I'm finally coming to terms with available foods. Most American products are available, either here or in David, but they come with at a price. Locally grown stuff, on the other hand, is inexpensive but often isn't the same as what we're used to. The chicken is excellent, and pork okay once you figure out what to buy. Beef, on the other hand, tends to be very tough as cattle are pasture-fed rather than grain-fed and tend to move about a lot more than do the largely sedentary North American cows. But it's possible to buy a filete entero, a whole beef loin, which, when allowed to age a week or so in the refrigerator, can be cut into servicable steaks. Nearby Potrerillos is the home of a large egg-producing operation, but eggs from free-range chickens(and the chickens do range freely here--right into my garden on occasion) are easy to come by and are out-of-this-world good. Although Chiriqui is known as the bread basket of Panama, the best vegetables from the big farms are shipped to Panama City. There's a good mercado (market) in the center of town, however, where local farmers sell their produce; and there're more and more pick-your-own operations, organic farmers who sell to a limited clientele, and hydroponically grown vegetables available. Excellent fish and jumbo shrimp from the Pacific are available from fish mongers who bring them to Boquete, but are pricey, We've also bought really, really, good tuna from our fish guy, Miguel, that can be cut into tuna steaks which rival the best of beef steaks. And, of course, there are hundreds of fruits. I'm only just beginning to learn the names of them and how to use them. What we know as limes are called lemons (limons) here, and there's a fruit that looks like an orange that is, in fact, a somewhat sweet lemon. Then there are the tomatillos, the many types of avocados, the papayas, the plantains, the nances, the guayabas, fruits I've never seen or heard of. It's a bit bewildering.

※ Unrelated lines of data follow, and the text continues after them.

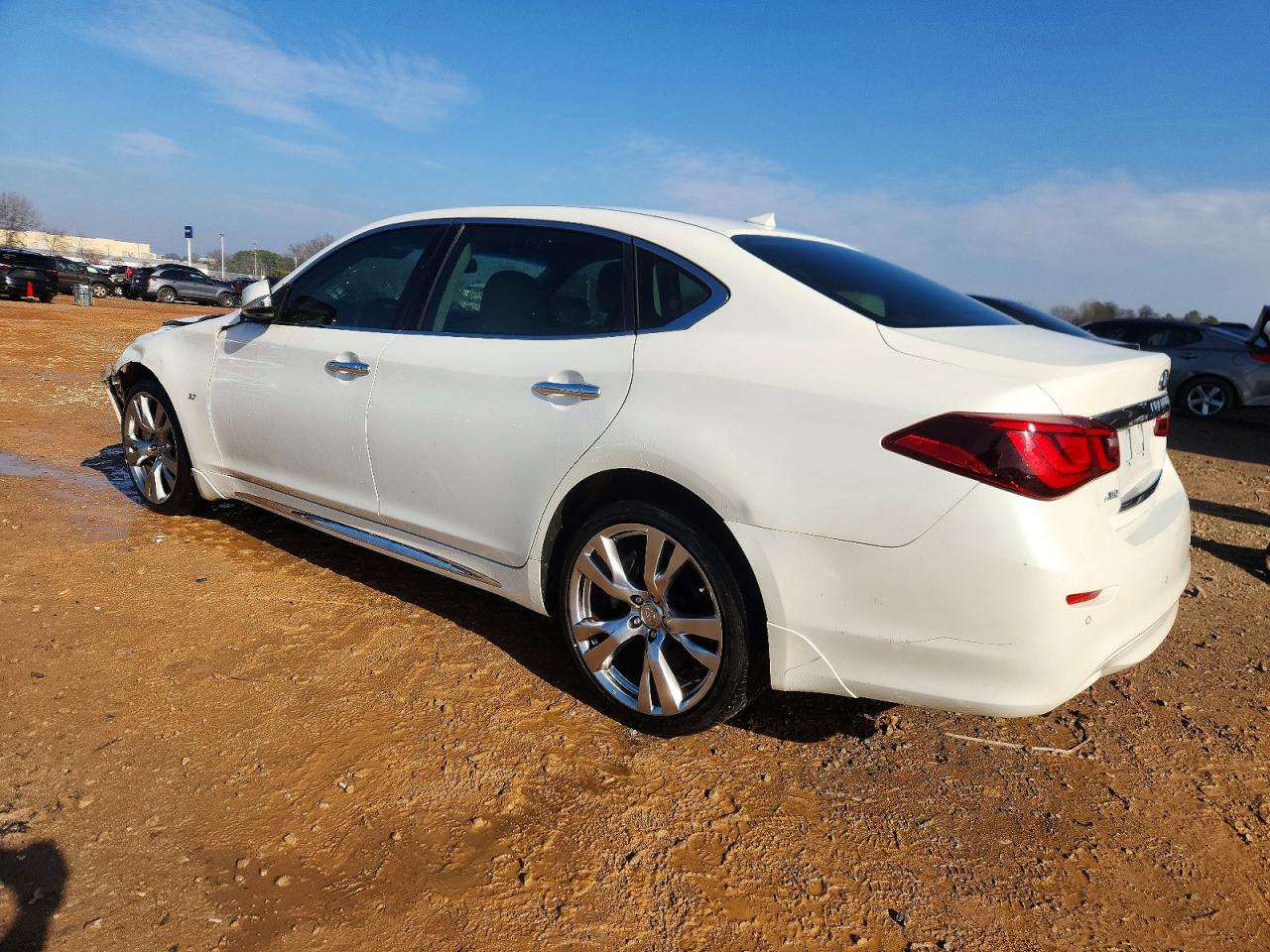 2018 INFINITI Q70L 3.7 LUXE photo 2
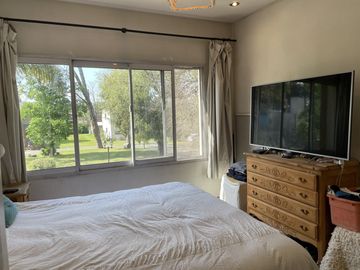 Casa a la venta- Barrio Cerrado- Paso Del Rey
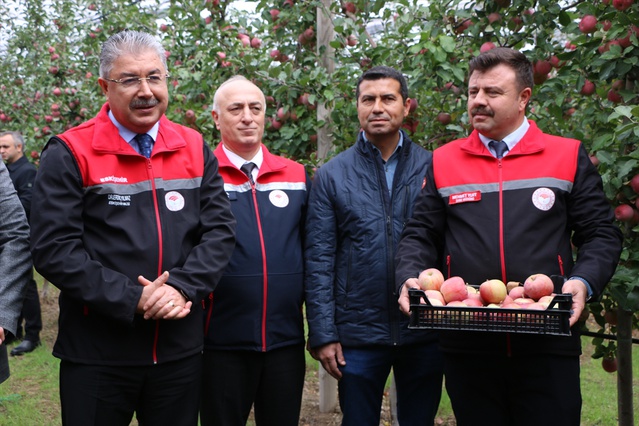 Eskişehir Valisi Yılmaz, Mahmudiye'de 5 bin ton elma üretimi beklendiğini söyledi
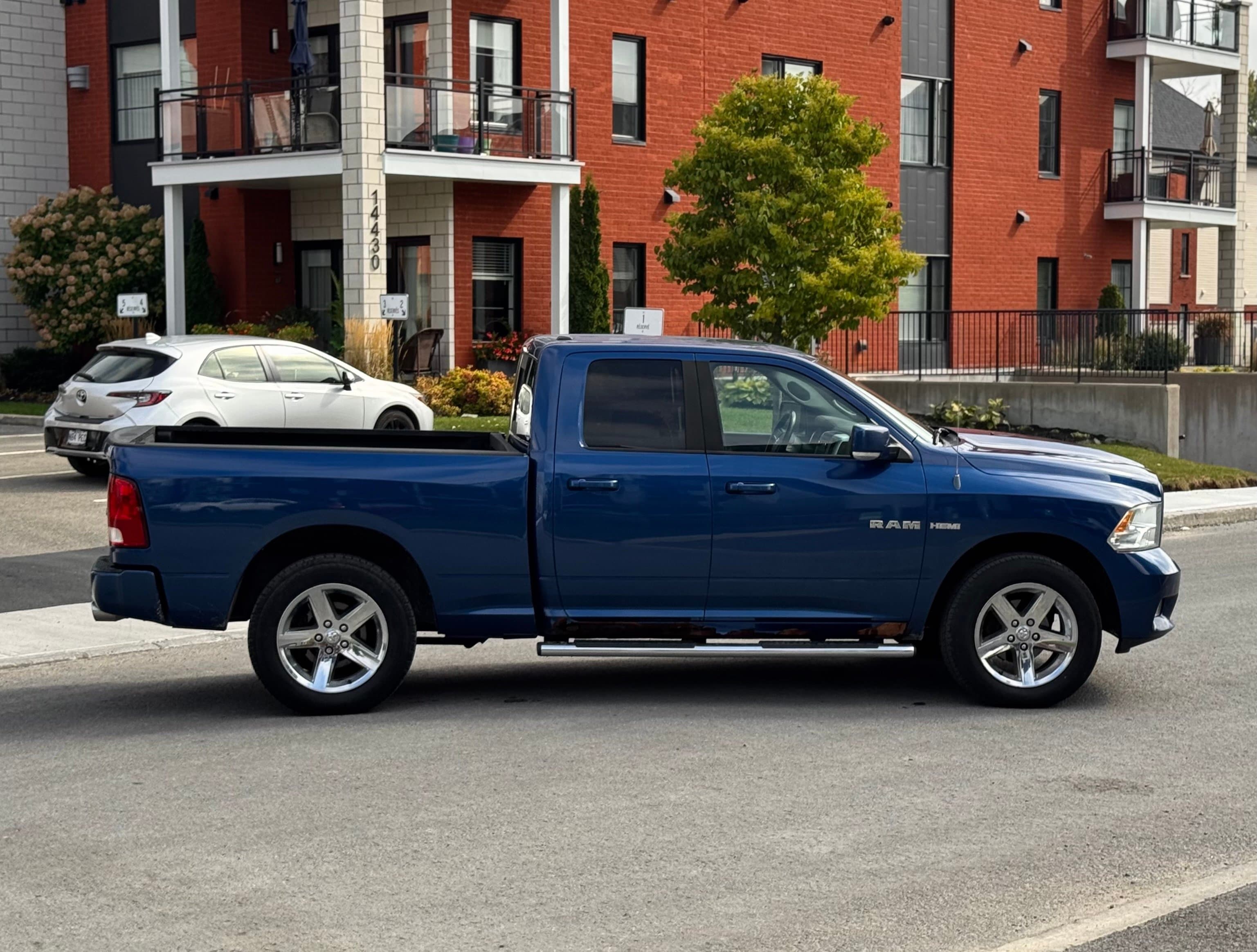 Dodge Ram 1500 2010 - Image 8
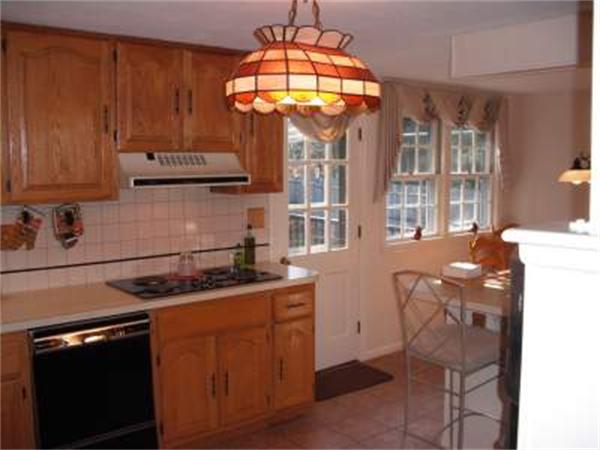 20 Tumelty Road Peabody, MA 01960 - Photo 5 of 25 Gallery Image 5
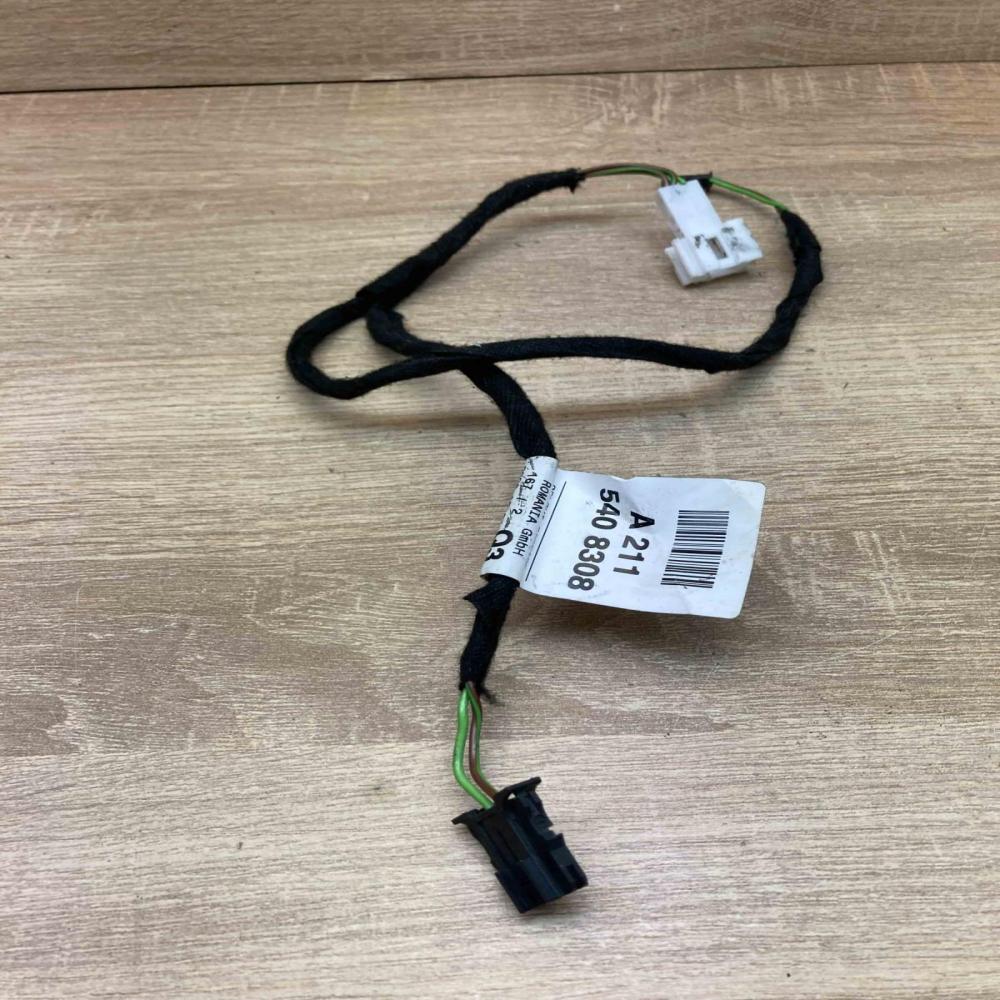 A2115408308 A0365451128  Plug wire Mercedes-Benz E W211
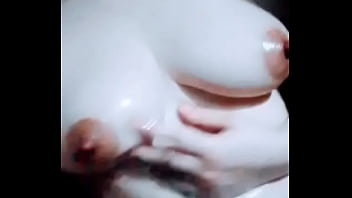 Ella se acaricia las tetas en el baño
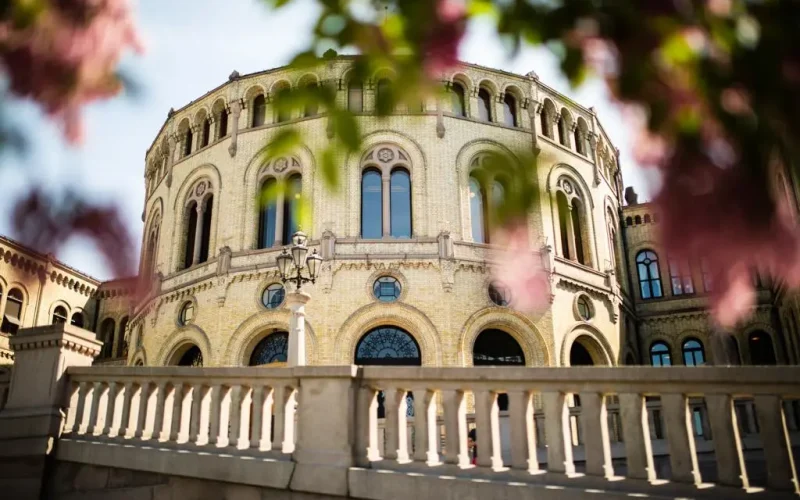 Stortingsbygningen og syriner. Foto: Stortinget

I haven't written much about Edwin. He's a very unusual gardener. First of all, he's well-educated, having been schooled in accounting. He says he couldn't take office work, however, and worked for several years at Mi Jardin es Su Jardin, a world famous garden here in Boquete located on the private estate of a wealthy Panamanian family who live most of the time in Miami. Eventually, he went out on his own and, over time, has whittled his clientele down to four, of whom, he says, I am "numero uno." He has proclaimed our garden to be the best in Boquete, consistently making suggestions and engaging in long-term plans for bettering it. Edwin carefully watches out for our interests and is loyal almost to a fault. He dislikes the orchid guy, for example, and has run him off more than once when I wasn't looking. Now he, the orchid guy, only comes on weekends when he can be assured that Edwin isn't on the premises. He is also suspicious of George and Juvenal, whom he fears are taking advantage of us. Lunchtime can be a real chore as Edwin, who is intellectually curious about everything, engages me in protracted discussions (in Spanish, of course) on a wide range of topics, eliciting my beliefs and opinions on everything and offering his own carefully considered views. We discuss politics, religion, education, cultural mores, and more three times a week. Every work day he comes to the table with a a new set of questions designed to tax my intellectual and language skills, as though he lay awake the night before pondering what theme he would bring to the next day's discussion. He is more conscientious and thoughtful than the average Panamanian, as is his wife, Maria, who speaks English and works in a local bank. They dote on their only child, Denise, and Edwin regularly seeks my counsel on how best to raise her to face life's challenges. No happy-go-lucky Panamanian our Edwin.


I'm attaching a picture of the newly-created bog garden, an area by the stone wall that inexplicably stays wet. We finally gave up trying to change the soil and just put in plants that love lots of water--papyrus, horsetail reed, cannas, and calla lillies. It's coming along but still has a ways to go, as they say.